╭─ Data under study

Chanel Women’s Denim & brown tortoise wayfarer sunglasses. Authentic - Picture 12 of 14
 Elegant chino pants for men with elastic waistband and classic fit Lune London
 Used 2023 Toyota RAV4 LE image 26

╰─
╭─ Data under study

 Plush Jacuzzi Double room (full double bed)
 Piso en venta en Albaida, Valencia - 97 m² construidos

╰─
╭─ Data under study

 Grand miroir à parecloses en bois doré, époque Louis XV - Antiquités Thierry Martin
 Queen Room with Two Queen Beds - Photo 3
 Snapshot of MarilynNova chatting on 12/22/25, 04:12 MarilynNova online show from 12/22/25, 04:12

╰─

*Required work:*
Your answer must consist of every line in the listing that contains "with".

*Expected answer:*
 Elegant chino pants for men with elastic waistband and classic fit Lune London
 Queen Room with Two Queen Beds - Photo 3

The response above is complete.